Copy out every line in the entries below that includes "image".
======== Dataset excerpts ========
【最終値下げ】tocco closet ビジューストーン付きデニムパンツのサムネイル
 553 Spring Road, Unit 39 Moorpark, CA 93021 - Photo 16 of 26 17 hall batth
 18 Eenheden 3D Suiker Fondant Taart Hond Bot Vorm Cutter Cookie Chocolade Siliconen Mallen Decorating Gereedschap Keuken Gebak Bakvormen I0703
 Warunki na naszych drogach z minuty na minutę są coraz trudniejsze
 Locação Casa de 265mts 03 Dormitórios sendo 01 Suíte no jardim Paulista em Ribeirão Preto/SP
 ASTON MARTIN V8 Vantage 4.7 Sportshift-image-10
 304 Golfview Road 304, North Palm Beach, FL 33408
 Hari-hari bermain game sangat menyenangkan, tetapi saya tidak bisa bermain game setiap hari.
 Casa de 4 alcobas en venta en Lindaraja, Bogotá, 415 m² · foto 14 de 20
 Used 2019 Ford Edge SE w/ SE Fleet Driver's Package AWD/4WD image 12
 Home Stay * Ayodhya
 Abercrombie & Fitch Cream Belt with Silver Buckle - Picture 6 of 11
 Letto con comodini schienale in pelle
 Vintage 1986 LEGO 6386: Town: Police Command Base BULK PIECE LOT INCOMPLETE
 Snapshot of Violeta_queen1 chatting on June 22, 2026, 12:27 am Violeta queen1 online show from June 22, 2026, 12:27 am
========
Output:
 ASTON MARTIN V8 Vantage 4.7 Sportshift-image-10
 Used 2019 Ford Edge SE w/ SE Fleet Driver's Package AWD/4WD image 12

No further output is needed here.